The bargain shoppers
Makes homemade (free) lemonade out of lemon slices, sugar packets, and water. Will attempt to make complimentary bread/nachos/rice serve as 90% of their meal. Will demand constant refills on all of the above, because clearly they’re more important than all of your actual paying customers. Will attempt to return any entree on made-up bullshit grounds just to get it taken off the check. Restaurant won’t throw them out because “the customer is always right,” and because these assholes would immediately complain to corporate and you know those idiot desk jockey chucklefucks would take THEIR side in a heartbeat. ALWAYS a group (usually a family) -- never, ever travels solo.
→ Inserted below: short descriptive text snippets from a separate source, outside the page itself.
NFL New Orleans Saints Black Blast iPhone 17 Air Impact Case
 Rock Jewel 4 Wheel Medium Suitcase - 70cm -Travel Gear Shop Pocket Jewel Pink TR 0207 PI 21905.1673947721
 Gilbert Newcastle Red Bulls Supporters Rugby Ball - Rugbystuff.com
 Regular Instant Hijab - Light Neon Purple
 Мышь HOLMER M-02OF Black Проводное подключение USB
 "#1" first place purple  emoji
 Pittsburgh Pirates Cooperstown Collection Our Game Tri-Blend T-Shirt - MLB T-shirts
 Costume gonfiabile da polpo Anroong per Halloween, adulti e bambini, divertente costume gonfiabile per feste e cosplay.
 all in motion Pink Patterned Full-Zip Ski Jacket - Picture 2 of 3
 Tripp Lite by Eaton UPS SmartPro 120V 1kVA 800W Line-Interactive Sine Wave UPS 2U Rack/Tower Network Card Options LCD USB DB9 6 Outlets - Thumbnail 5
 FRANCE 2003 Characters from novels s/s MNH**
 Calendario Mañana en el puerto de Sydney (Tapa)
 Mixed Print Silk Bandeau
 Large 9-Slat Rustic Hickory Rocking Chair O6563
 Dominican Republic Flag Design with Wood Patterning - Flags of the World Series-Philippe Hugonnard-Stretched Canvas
Tip? HAHAHAHAHAHAHAHAHAHA.
My maternal grandmother
Is from the Old Country. Has 50 questions for the server about a dozen different menu items, none of which she will wind up ordering. Calls food by the wrong names (mixes up “meatloaf” and “burgers” as well as “roast beef” and “pot roast”) and then gets annoyed when the hapless server doesn’t know what she actually MEANT (also continues to call the food by the wrong names no matter how many times you point this out to her). No matter what she gets or how many Michelin stars the food deserves, insists “I make better,” despite the fact she very, VERY much does NOT make better and once served family guests a lime Jell-O mold with tuna fish floating in it because she’d heard of aspic but hadn’t fully understood the concept. Has very strong opinions about food like sushi because she “doesn’t believe in raw fish,” despite the fact you’ve regularly seen her eat lox, which is close enough that she doesn’t have a leg to stand on in this argument (don’t @ me). Possibly says something vaguely racist in a stage whisper during the meal. Has literally no concept of irony. Her family loves her but would rather have ocular surgery sans anesthetic than go out to eat with her if it can possibly be avoided.